> **Work item**
Leave the pictures aside and copy all the data exactly.
[Collected data — start]
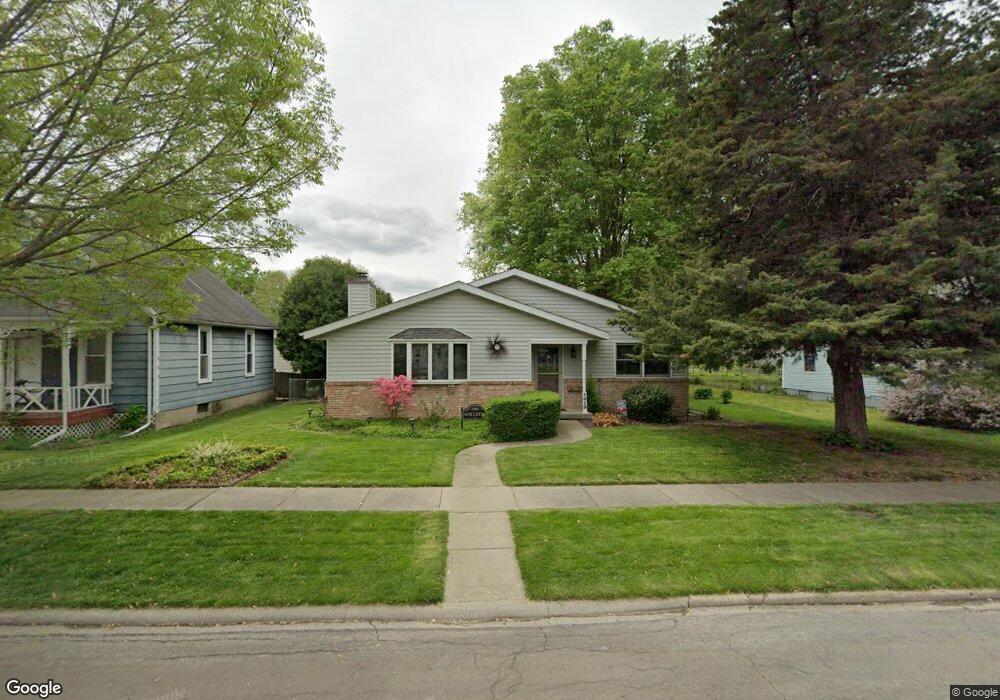 1019 Clinton St, Lincoln, IL 62656 - photo 1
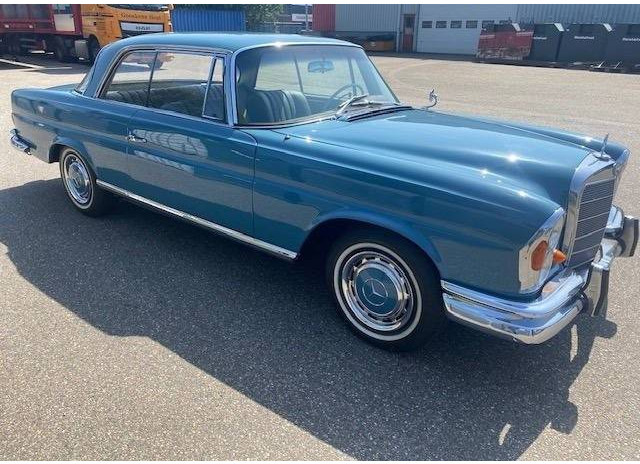 Mercedes-Benz 220 SE coupe Automatic - Λιμουζίνα/ Sedan: φωτογραφία 4 Mercedes-Benz 220 SE coupe Automatic - Λιμουζίνα/ Sedan: φωτογραφία 4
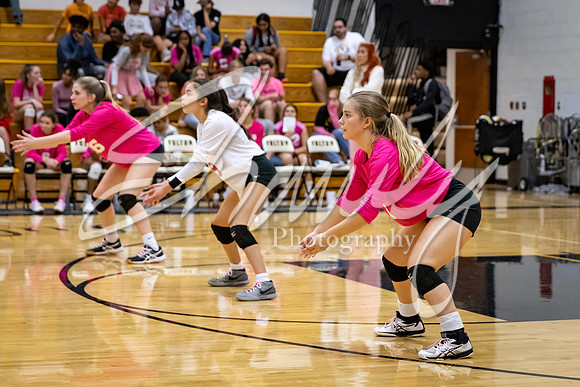 2021.10.18 FHS Volleyball Vs. Osage-01658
[Collected data — finish]
> **Response for this exercise**
 1019 Clinton St, Lincoln, IL 62656 - photo 1
 Mercedes-Benz 220 SE coupe Automatic - Λιμουζίνα/ Sedan: φωτογραφία 4 Mercedes-Benz 220 SE coupe Automatic - Λιμουζίνα/ Sedan: φωτογραφία 4
 2021.10.18 FHS Volleyball Vs. Osage-01658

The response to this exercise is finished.